The Junk Yard Band turned lunch hour yesterday at McPherson Square, normally a preserve of well-heeled professionals sipping unfiltered apple juice, into a frenetic display of "Junk Folk," the latest craze in urban street music.
Hundreds of people wriggled with glee in the park at 15th and I streets NW, as office workers in shirt sleeves warmed up to springtime. The band's members, who range in age from 12 to 18, slapped away at crates, cartons and trash-can tops in the glimmering sunshine.
"This music is just too cool to avoid," said Derrick McCrae, the band's manager, as he walked among the listeners, collecting donations in a gray plastic garbage can. "Even a clone would go crazy over it."
The band and its listeners were not the only ones going crazy. Traffic snarled and crawled along Independence Avenue as drivers headed toward momuments and malls.

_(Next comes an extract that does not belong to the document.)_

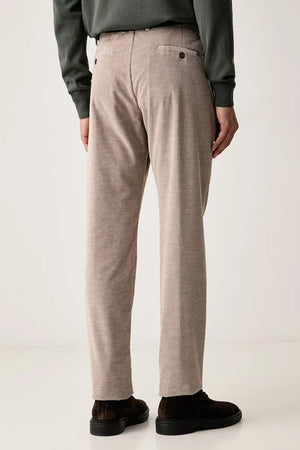 Pantalones de hombre con cachemira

By 3:30 p.m. the temperature had reached 83 degrees at National Airport, just short of the record high of 86 for this day, set on April 5, 1910.

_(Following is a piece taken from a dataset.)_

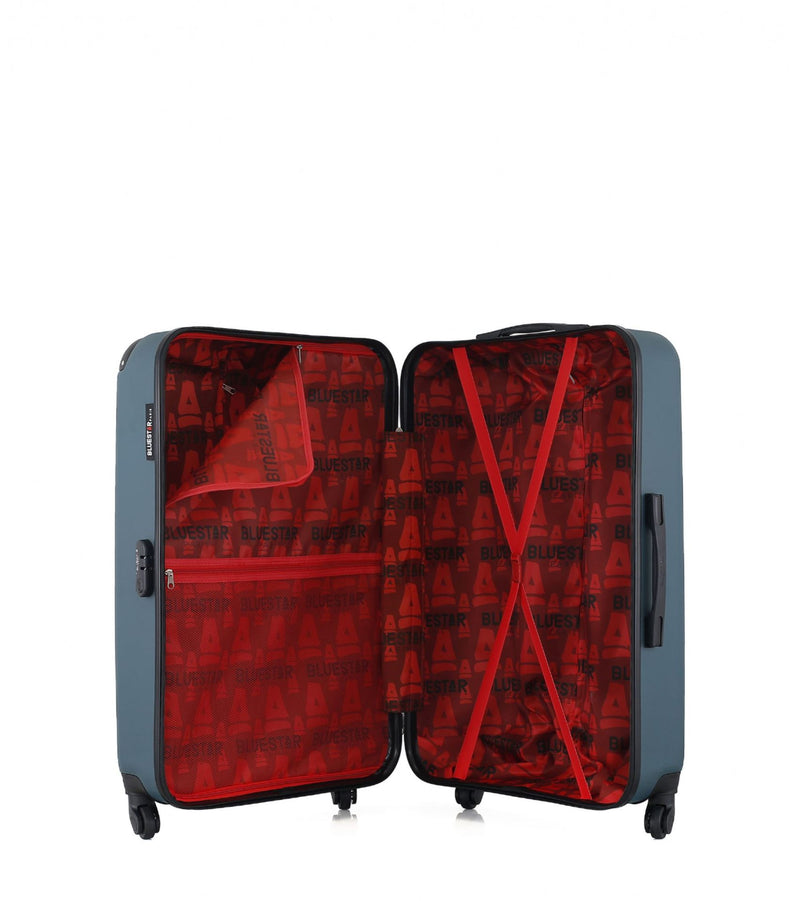 BLUESTAR - LOT DE 2 - Valises grand format et cabine XXS BUCAREST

But National Weather Service forecasters said that the balmy weather would not hold, with the forecast calling for thunderstorms and temperatures dropping into the 60s by late last night and for much of today as a cold front moves in from the south.
As thousands of area residents prepared for the weekend's holidays, forecasters warned that time was running out to view the city's cherry blossoms. They said that high winds gusting up to 30 miles an hour along the Potomac could leave the fragile blossoms mostly on the ground.

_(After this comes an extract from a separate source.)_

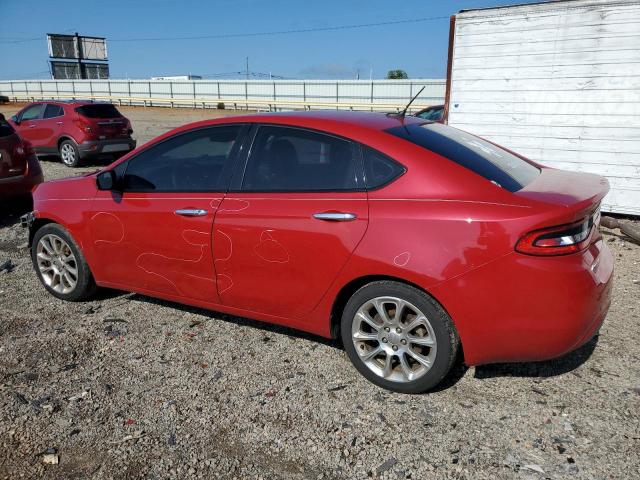  DODGE DART 2014 Red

At the Baskin-Robbins Ice Cream Shop on King Street in Alexandria, some must have worried that the ice cream would run out.
"This just doesn't happen. It's not even 11," said Janellen Wolf as she watched a line stretch out the door of the shop yesterday morning. Wolf, looking harried in her candy-striped uniform, had been scooping ice cream for more than an hour.
Frazier Coleman, a mail carrier in the District, seemed to have the right job for this kind of a day.
"I know what they say about snow and sleet and the mail getting through," he said as he walked down East Capitol Street, patting babies on their heads and talking with mothers in the neighborhood, "but this is why I took the damn job."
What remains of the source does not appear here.